4-in-5 Oklahoma City students can’t read clocks

Who here knows how to start a crank engine car?

Would you remember to grip the crank handle with your thumb wrapped below, with your fingers, instead of the more natural grip with the thumb opposing the fingers? You would of course know to set the brake first, make sure the gear is neutral, and then retard the spark, right?

Don’t get me wrong – I am sad to see analog clocks retreat from the landscape. But I’m not so sure they are an essential life skill.

Now, let’s discuss making flour from wheat, and how to butcher a hog.

I suspect aceplace57 is one of those people who thinks that flat screen TVs aren’t TVs and cell phones aren’t phones and laptops aren’t computers (and that they are all luxuries).

They are all luxuries, to the extent that “luxury,” and “absolutely necessary for survival,” are antonyms. They are perhaps not extravagances.

Certainly if someone proposed a bill that any adult lacking a laptop, cell phone, and flat screen TVs would be provided each at taxpayer expense, I’d oppose such a scheme.

We found a LED Word Clock at a Goodwill (for $5.00; Amazon has it listed at $75). It displays the time as “IT IS FIVE MINUTES TO SEVEN” or “IT IS HALF PAST EIGHT” at five-minute increments.

Our six-year old granddaughter just noticed it and is now able to read the words, which I think is helping her tell time, seeing it as words instead of the digital form. She still needs help with analog clocks though.

Couldn’t agree more. For the same reason that paper maps give a genuine feeling of visualizing distance whereas a GPS device of auditory Google Maps navigation gives you exactly zero context.
Gatopescado, I don’t understand what your post means. What is " 9:02" ?

But you would approve of a bill stating that any adult lacking food, clean water, housing or adequate healthcare be provided those things at taxpayer expense?

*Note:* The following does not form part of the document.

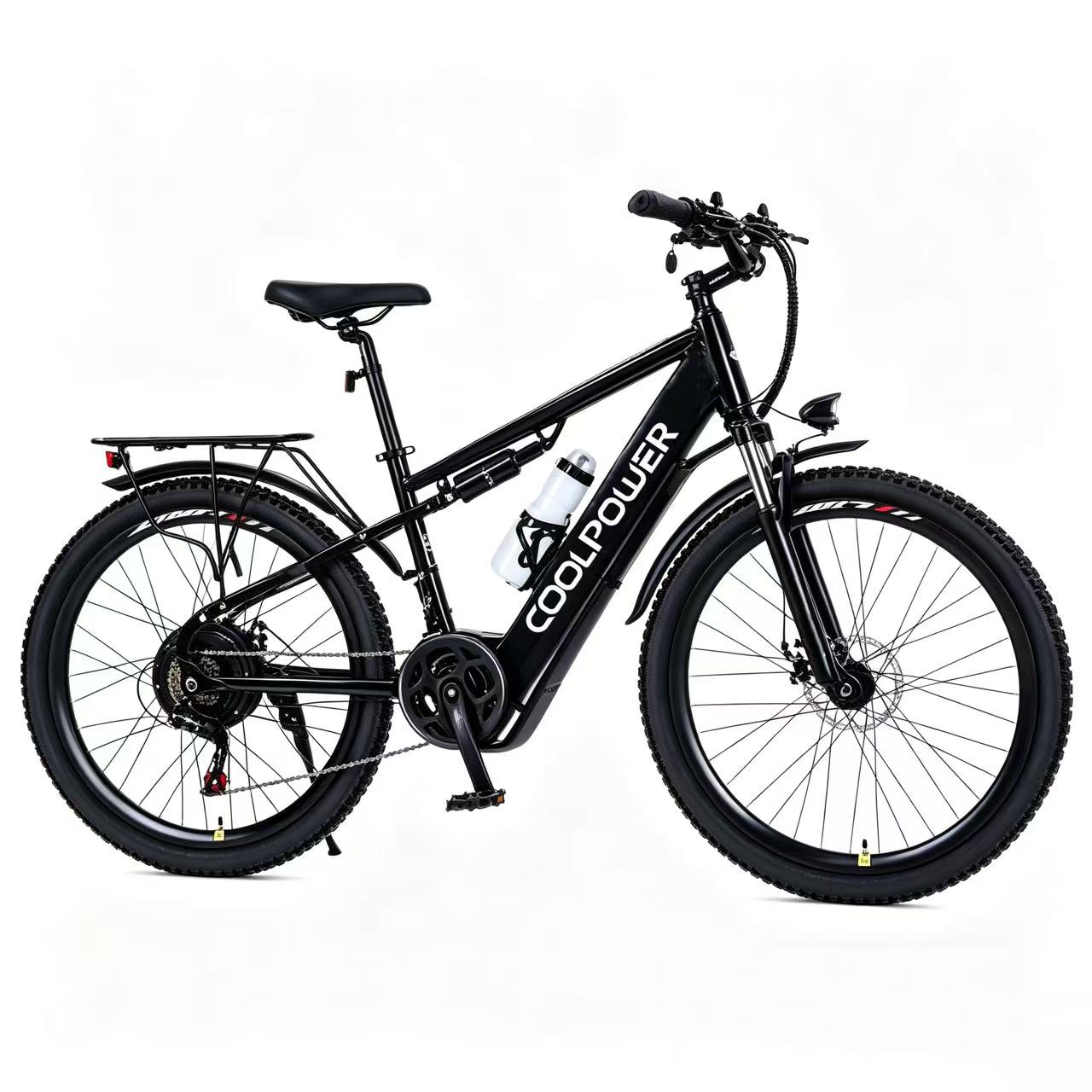 酷跑爱锂电池电助力自行车26寸电动自行车超长续航电助力山地车变速成人通勤代步上班轻便电动车 M8pro黑色/26寸48V/21速/液晶仪表 20AH/续航约80公里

I flew with nothing but analog (“steam gauges” in pilot lingo) for years, and gradually moved into glass cockpits. The light jet I fly now is mostly glass, with just a few round gauges associated with the electrical and pressurization systems.

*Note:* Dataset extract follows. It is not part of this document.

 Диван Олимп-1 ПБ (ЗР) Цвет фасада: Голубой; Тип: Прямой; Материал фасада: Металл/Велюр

As to what I prefer… I’d say the glass, when it comes to jets. More of a learning curve on using it, but once you’re used to glass displays there’s more information in less time than it would take to scan analog gauges. But I still enjoy flying with round dials in older, piston planes.

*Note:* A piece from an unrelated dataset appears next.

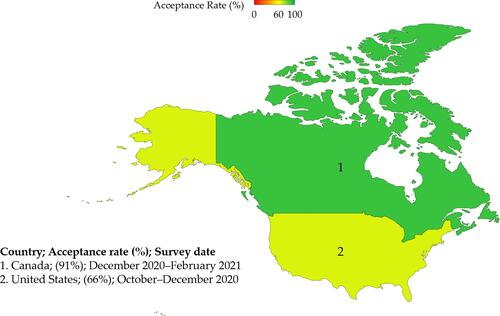 Figure 8 COVID-19 vaccine acceptance rates in North America. The map was generated in Microsoft Excel, powered by Bing, © GeoNames, Microsoft, Navinfo, TomTom, Wikipedia. We are neutral with regard to jurisdictional claims in this map.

Interestingly, traffic is still called out with reference to clock position (I can’t think of a better way), so in that sense you could say I use both in the cockpit.

Which brings me to my point on analog vs. digital clocks: It depends on the purpose. In today’s world it seems a lot of people get by just fine with digital, and rarely encounter analog clocks. I think if a real need were to develop. people would learn to read round clocks just fine.

I see this issue, such as it is, as similar to cursive writing. There are a few people I know who are absolutely livid that some schools are no longer teaching cursive. I’ve asked why and the best answer I can get from them is, “But… but… What if they want to read the Constitution!!!”

sigh

Pretty sure they have that in books now. But if a person did have the need to view and decode the script, I’m confident they could train themselves to do so without much trouble. To say nothing of the fact that, last I looked, there isn’t any evidence that writing cursive is helpful to learning.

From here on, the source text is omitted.